On the Aster queen, as user root, enter:
```
visudo -f /etc/sudoers
```
Add this line:
```
beehive ALL= NOPASSWD: /bin/chown extensibility\:extensibility/home/beehive/config/spark/*/IDENTITYFILE
```
This line lets the user beehive execute the chown command from any terminal on the queen node without specifying a password.
Search for 'Defaults requiretty' line and comment out that line:
```
# Defaults    requiretty
```
Save /etc/hosts and exit visudo.
Let vworkers transfer ownership of the id_rsa identity file from the user beehive to the user extensibility, using this command:
```
ncli node clonefile /etc/sudoers
```
This ability is important because:
- To access Spark, the Aster Database uses RunOnSpark queries, which use vworkers to submit Spark jobs. The vworkers submit jobs with the user ID of the user created in steps 5 and 6.

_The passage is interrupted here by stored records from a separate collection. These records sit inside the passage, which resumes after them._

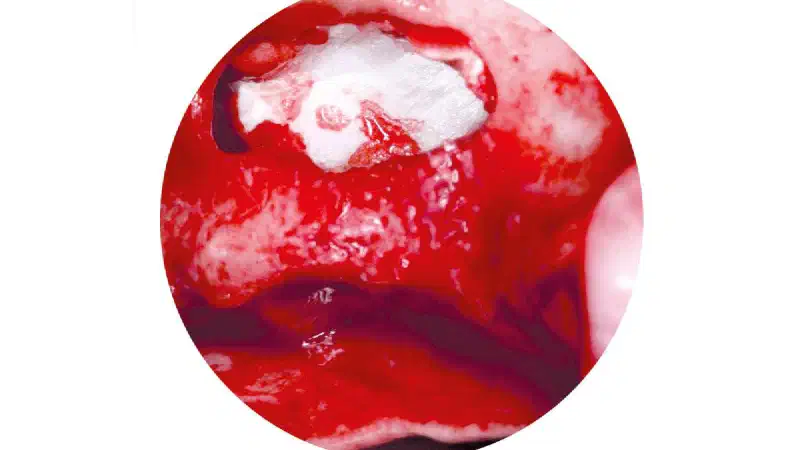 Two-stage sinus lift with maxresorb® & collprotect® membrane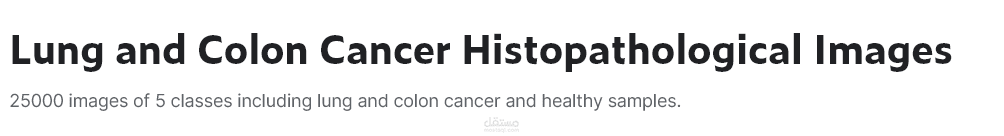 Breast Cancer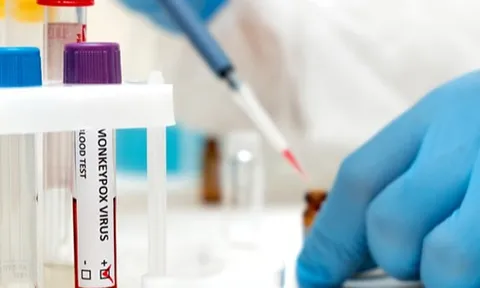 Dấu hiệu sớm nhận biết bệnh đậu mùa khỉ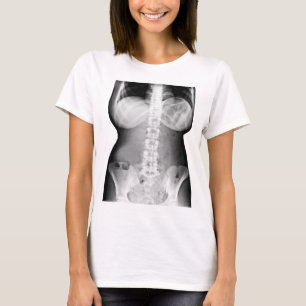 Camiseta Imagen de la foto del Skeleton de Xray Body Femeni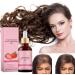 Strawberry Mint Growth Oil Strawberry Mint Hair Growth Oil Natural Rosemary Hair Essential Oil Strawberry Oil for Hair Growth Strawberry Essential Oil Rosemary Oil for Hair Growth & Skin Care 1 - Buy Online on GoSupps.com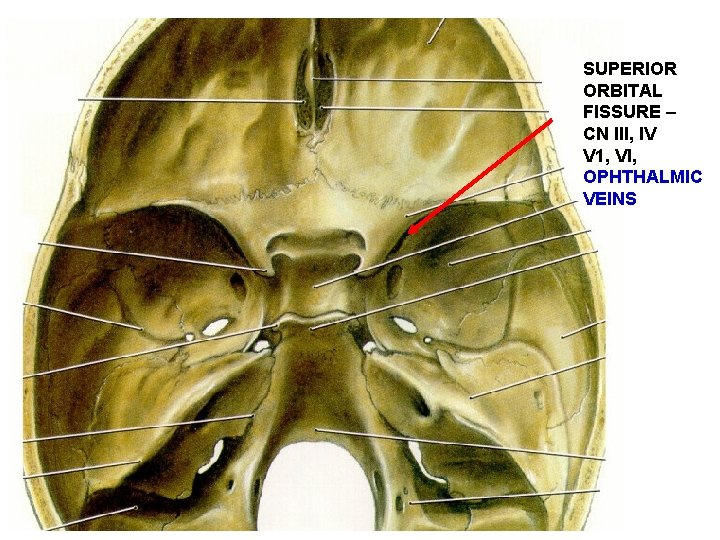 SUPERIOR ORBITAL FISSURE – CN III, IV V 1, VI, OPHTHALMIC VEINS 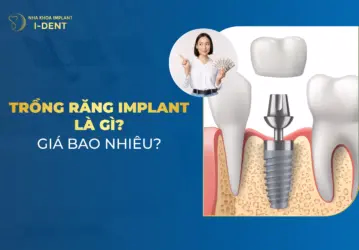 trồng răng implant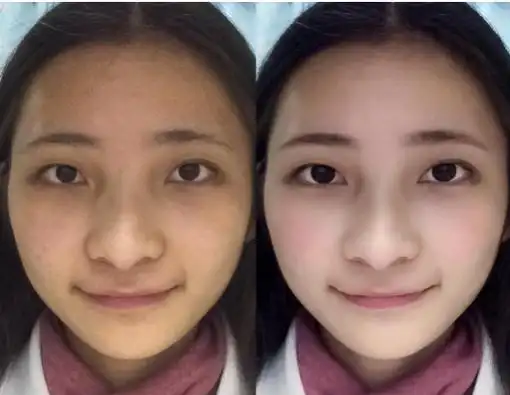 坚持跑步三个月脸部的变化对比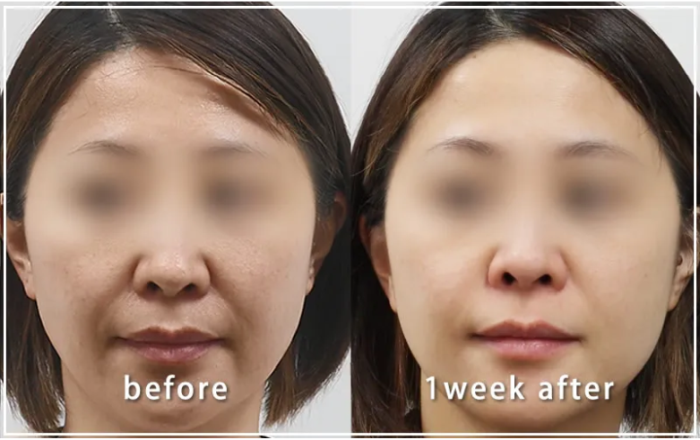 共立美容外科 名古屋院のケミカルピーリングの症例写真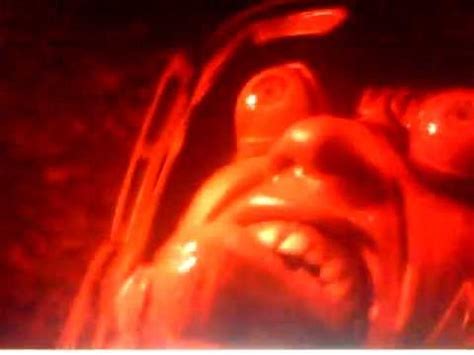 total recall eye bulge|Total Recall's Bulging Eyes Scene Is Scientifically Accurate.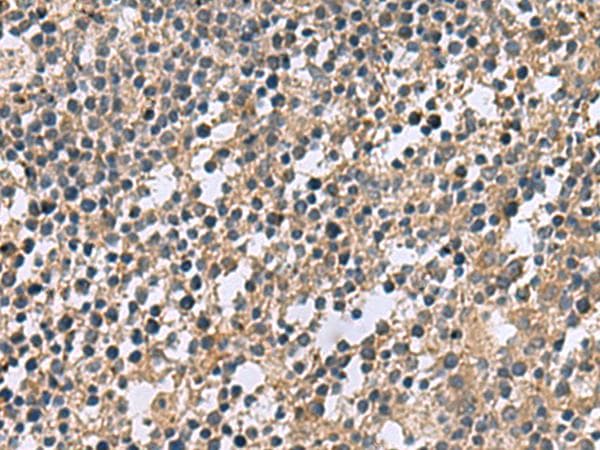 CSRP2 Antibody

- The vworkers can submit Spark jobs with OpenSSH. On the vworker, the user extensibility executes RunOnSpark tasks, which can include submitting Spark jobs. For security, the ownership and access to any identity file must be transferred and limited to the user extensibility.
The user beehive needs the ability to execute the chown command only during Aster Spark Connector configuration. After configuration, you can revoke this privilege by logging onto the queen node as the root user, entering visudo -f /etc/sudoers, deleting the line that you added in step b, adding the line that you deleted in step c, saving the file, exiting visudo, and cloning the modified file to vworkers.